* [Aim of the exercise]
Your copy must hold all of the data below, unchanged and without images.

* [Information shown]
********************
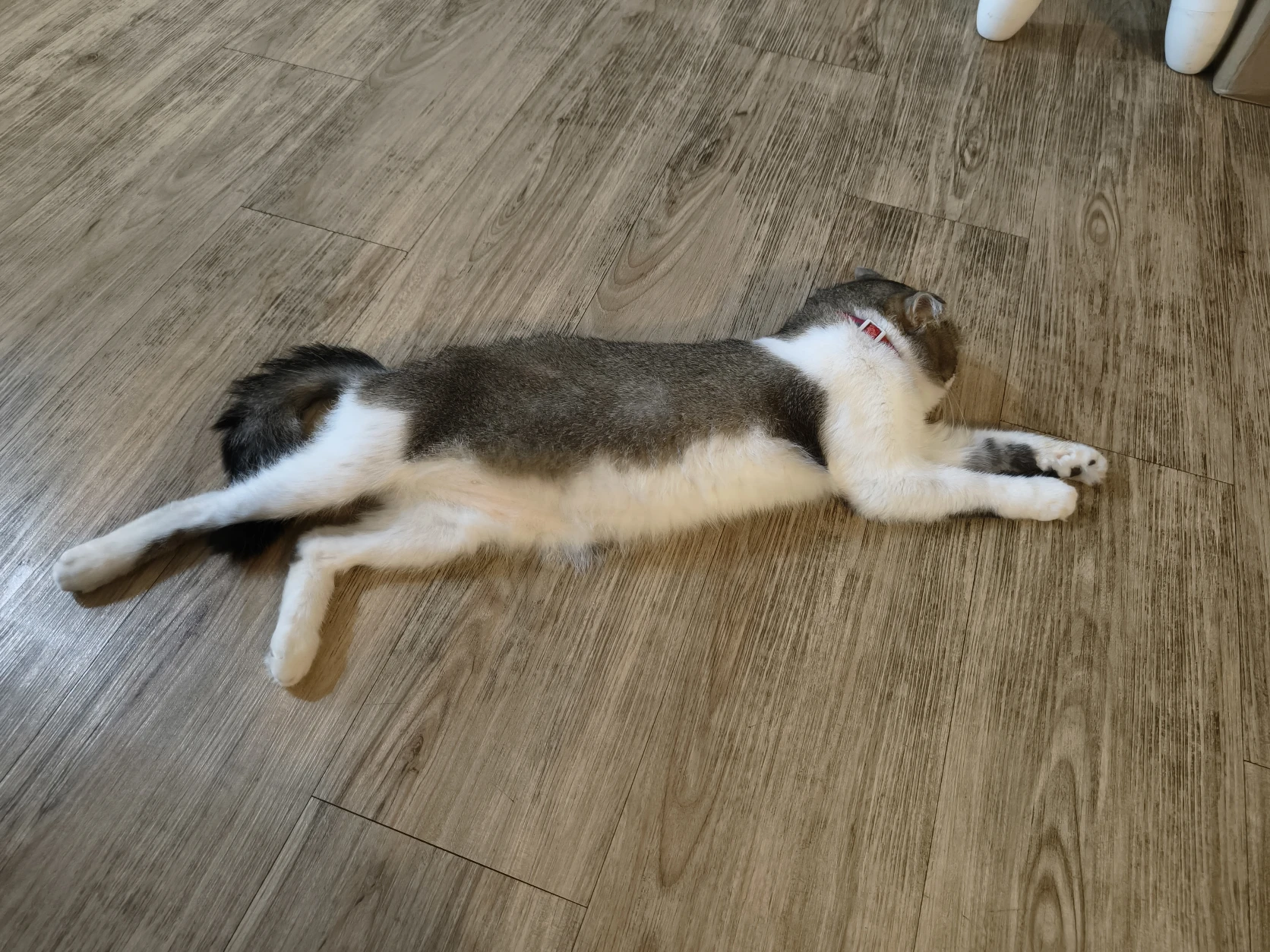 image-11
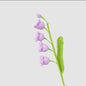 Campanula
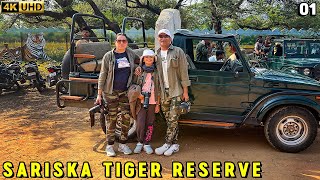 Sariska Tiger Reserve Stay in Vanbagh Eco Luxury Resort [upl. by Neural]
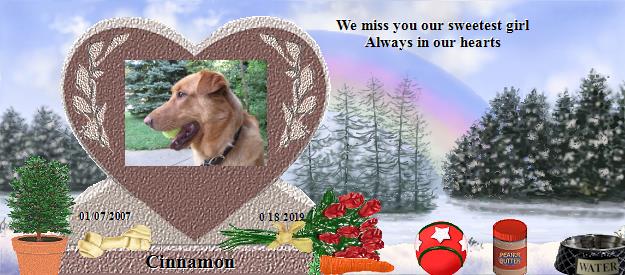 Cinnamon's Rainbow Bridge Pet Loss Memorial Residency Image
********************
* [Result]
 image-11
 Campanula
 Sariska Tiger Reserve Stay in Vanbagh Eco Luxury Resort [upl. by Neural]
 Cinnamon's Rainbow Bridge Pet Loss Memorial Residency Image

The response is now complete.